Só não posso dizer que concordo com aqueles que classificam a
trama como complexa e confusa, tratando-a como um dos problemas de “The Lady
from Shanghai”. Por mais que não se gaste muito tempo com uma exposição calma
dos fatos, ao menos sua execução compensa. Caso contrário, daria para dizer que
o resultado atingido é como o de “The
Postman Always Rings Twice“, que ttem suas similaridades e não consegue ser
tão convincente quanto aqui. Aliás, esta é uma comparação interessante porque
“The Lady from Shanghai” aborda temas parecidos no desenrolar de sua história e
acerta melhor neles. Ambos começam com um homem completamente comum que se
apaixona por uma mulher comprometida, passa a conviver perto dela e começa sua
onda de problemas a partir daí, eventualmente esbarrando em toques de um drama
de tribunal no caminho. A diferença está no modo como tudo isso é trabalhado,
especialmente porque uma duração com 26 minutos a mais não faz diferença para o
filme de Tay Garnett.
Nem de longe daria para dizer que o envolvimento entre Michael
e Elsa existe apenas pelo fato de Orson Welles e Rita Hayworth estarem
casados durante a produção deste filme, pois ainda em 1947 os dois fecharam seu
divórcio. A principal diferença encontra-se principalmente na escrita das cenas
entre os dois principais e na atuação de Welles e Hayworth. Enquanto o primeiro
estabelece situações mais funcionais para um envolvimento intenso, o último faz
as cenas entre uma esposa-troféu e um marinheiro vivido serem poderosas e
transbordarem a paixão proibida tão necessária para o sucesso. “The
Postman Always Rings Twice” introduz seu romance abruptamente em seus
primeiros momentos e passa o resto do tempo tentando compensar isso, apenas
indo moderadamente bem. “The Lady from Shanghai”, por sua vez, faz um trabalho
significativamente superior ao também colocar o primeiro encontro nos primeiros
minutos e depois trilhar um caminho bem mais longo até que a atração se
manifeste de forma mais evidente.
Além de um planejamento adequado por parte do roteiro, que
trata a interação como um processo ao invés de um fato, toda a relação funciona
em grande parte pela atuação de Orson Welles como o
personagem principal. Sim, seu curioso sotaque irlandês chama a atenção e
gera um pouco de simpatia pelo rapaz por conta do charme sobre cada palavra,
mas é sua personalidade que realmente faz tudo funcionar. Michael O’Hara é um
homem teimoso e desconfiado. Nunca negou sua atração pela garota, como sua
narração inicial faz questão de indicar, ao mesmo tempo que tenta não se
envolver muito, ficar quieto em seu canto até que as circunstâncias forcem
alguma atitude. Essa eterna resistência de atos nunca cometidos com absoluta
certeza torna não só seu envolvimento inicial com Elsa mais suave como também
abre possibilidades dentro da trama. Ser de poucas palavras não impede de que
ele guarde as certas conforme cada situação.
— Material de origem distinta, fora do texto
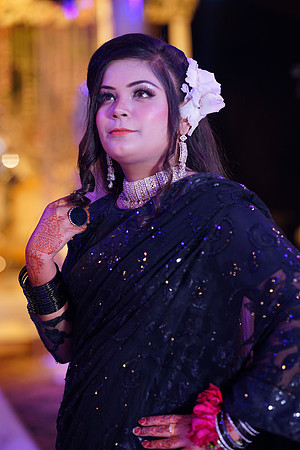 Subhan & Tabinda Walima 00207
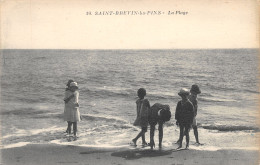 44-SAINT BREVIN LES PINS-N°430-C/0341 - Saint-Brevin-les-Pins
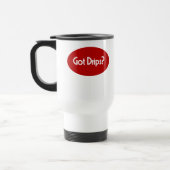 Klempner-Tasse Reisebecher (Links)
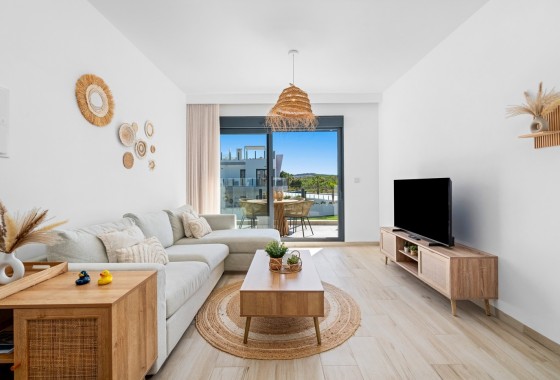 Appartement / Flat - Herverkoop - San Miguel de Salinas - San Miguel de Salinas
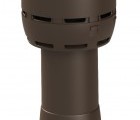 FLOW 125/160/700 ИЗ вент.выход коричневый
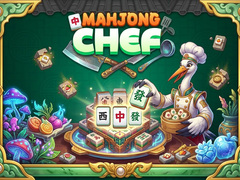 Mchezo Mahjong Chef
Potencialmente, “The Lady from Shanghai” poderia ter sido
tantas coisas inimagináveis que dificilmente serão conhecidas, pois o estúdio
provavelmente destruiu as gravações não usadas. Alguns pontos denotam
abertura para maior exploração, como cenas adicionais entre a sequência de
eventos que levam o mistério para frente, mas não posso dizer que encontrei
aqui a falta de alguma coisa. Ao menos em termos de história, soa mais certo
qualificá-la como objetiva e enxuta ao contrário de simplista, rasa ou
incompleta. Muito menos pode-se acusá-la de ir longe demais em sua ambição,
como o outro noir citado anteriormente. Este é mais um excelente filme de um
dos mestres do Cinema, com o único elo fraco sendo Glenn Anders e uma
atuação desnecessariamente forçada e desconexa com todo o resto. Seu personagem
se encaixaria muito melhor num faroeste, que costuma ter indivíduos
desequilibrados e meio pirados em seu elenco.